[Supplied information]:

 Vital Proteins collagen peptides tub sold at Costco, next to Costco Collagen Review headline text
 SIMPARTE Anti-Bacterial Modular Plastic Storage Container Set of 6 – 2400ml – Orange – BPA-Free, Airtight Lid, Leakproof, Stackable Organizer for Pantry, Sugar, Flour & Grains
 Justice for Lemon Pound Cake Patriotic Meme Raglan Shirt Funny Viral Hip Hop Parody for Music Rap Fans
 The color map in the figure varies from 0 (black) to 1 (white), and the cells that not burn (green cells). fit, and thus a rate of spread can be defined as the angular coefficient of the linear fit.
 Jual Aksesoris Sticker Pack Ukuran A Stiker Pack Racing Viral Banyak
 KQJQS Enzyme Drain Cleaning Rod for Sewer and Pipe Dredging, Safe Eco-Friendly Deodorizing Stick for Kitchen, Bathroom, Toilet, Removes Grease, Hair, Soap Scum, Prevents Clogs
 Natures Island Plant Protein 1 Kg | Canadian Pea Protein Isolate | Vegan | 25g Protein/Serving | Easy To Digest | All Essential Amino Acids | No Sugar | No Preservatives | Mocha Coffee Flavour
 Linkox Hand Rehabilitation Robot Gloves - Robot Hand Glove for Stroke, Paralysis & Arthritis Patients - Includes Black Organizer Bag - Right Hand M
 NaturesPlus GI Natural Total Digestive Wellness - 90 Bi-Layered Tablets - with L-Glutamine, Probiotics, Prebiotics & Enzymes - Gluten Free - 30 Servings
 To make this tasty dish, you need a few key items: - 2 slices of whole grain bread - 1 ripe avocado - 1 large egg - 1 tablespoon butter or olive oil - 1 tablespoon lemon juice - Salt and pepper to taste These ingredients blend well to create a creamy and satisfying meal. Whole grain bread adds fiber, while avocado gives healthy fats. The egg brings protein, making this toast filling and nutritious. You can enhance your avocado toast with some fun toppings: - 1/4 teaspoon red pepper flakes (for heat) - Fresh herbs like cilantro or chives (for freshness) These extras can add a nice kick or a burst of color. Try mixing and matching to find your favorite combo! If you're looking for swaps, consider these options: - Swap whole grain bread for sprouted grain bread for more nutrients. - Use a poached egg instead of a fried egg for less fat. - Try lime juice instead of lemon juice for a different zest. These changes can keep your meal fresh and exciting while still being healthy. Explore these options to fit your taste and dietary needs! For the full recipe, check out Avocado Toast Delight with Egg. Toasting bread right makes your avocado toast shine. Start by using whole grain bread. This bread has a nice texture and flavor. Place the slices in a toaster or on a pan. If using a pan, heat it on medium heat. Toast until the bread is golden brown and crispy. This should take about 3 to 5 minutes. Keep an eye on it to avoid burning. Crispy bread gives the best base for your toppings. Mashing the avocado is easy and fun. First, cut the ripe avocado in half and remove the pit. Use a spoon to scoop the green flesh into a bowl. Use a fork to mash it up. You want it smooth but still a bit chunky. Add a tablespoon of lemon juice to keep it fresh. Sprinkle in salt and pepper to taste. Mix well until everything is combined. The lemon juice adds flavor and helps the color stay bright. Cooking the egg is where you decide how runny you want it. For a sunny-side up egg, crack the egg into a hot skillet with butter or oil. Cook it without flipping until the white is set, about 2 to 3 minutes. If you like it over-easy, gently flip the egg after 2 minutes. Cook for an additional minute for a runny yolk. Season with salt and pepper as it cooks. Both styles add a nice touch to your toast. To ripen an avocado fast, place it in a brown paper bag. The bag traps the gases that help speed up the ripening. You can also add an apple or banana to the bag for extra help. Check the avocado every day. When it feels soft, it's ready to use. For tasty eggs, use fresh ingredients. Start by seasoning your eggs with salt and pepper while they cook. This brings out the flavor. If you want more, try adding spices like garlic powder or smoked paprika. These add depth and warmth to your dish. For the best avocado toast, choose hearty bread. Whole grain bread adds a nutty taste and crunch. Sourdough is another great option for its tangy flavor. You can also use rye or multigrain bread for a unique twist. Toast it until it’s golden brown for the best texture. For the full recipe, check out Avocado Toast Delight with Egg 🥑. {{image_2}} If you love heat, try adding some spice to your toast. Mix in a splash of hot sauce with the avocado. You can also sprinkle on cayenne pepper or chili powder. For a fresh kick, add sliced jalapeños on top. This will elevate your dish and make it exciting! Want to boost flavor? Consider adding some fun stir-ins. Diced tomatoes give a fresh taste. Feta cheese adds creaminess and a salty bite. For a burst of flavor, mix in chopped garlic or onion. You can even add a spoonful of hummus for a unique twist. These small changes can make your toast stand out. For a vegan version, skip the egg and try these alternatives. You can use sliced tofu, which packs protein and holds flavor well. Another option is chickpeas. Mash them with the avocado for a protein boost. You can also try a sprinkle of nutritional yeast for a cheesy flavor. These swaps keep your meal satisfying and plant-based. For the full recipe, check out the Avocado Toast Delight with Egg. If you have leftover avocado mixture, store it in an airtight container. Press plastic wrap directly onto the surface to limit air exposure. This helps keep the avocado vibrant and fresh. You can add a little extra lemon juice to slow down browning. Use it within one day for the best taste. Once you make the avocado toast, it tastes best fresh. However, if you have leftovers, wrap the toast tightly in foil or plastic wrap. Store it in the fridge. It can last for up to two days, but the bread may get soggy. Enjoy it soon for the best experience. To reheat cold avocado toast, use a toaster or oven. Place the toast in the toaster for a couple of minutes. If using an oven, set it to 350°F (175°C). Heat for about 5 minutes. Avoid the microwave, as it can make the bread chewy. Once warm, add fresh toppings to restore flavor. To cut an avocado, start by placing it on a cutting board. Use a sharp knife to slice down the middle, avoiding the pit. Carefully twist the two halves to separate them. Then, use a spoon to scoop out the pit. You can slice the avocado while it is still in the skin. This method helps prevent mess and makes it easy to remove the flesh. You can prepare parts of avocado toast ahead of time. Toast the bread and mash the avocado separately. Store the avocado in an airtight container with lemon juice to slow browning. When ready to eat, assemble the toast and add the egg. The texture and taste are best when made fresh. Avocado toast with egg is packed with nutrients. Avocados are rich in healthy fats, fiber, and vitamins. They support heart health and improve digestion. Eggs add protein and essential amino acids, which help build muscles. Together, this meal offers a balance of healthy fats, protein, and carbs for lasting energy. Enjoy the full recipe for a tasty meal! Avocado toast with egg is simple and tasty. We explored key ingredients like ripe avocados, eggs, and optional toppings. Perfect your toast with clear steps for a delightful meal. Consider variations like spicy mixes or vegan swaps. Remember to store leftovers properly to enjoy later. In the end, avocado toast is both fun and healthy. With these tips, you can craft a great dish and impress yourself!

[Task to carry out]: Word for word, restate the entries from the first line to the line that has "The color map", both included, and nothing else.

[Written answer]:
 Vital Proteins collagen peptides tub sold at Costco, next to Costco Collagen Review headline text
 SIMPARTE Anti-Bacterial Modular Plastic Storage Container Set of 6 – 2400ml – Orange – BPA-Free, Airtight Lid, Leakproof, Stackable Organizer for Pantry, Sugar, Flour & Grains
 Justice for Lemon Pound Cake Patriotic Meme Raglan Shirt Funny Viral Hip Hop Parody for Music Rap Fans
 The color map in the figure varies from 0 (black) to 1 (white), and the cells that not burn (green cells). fit, and thus a rate of spread can be defined as the angular coefficient of the linear fit.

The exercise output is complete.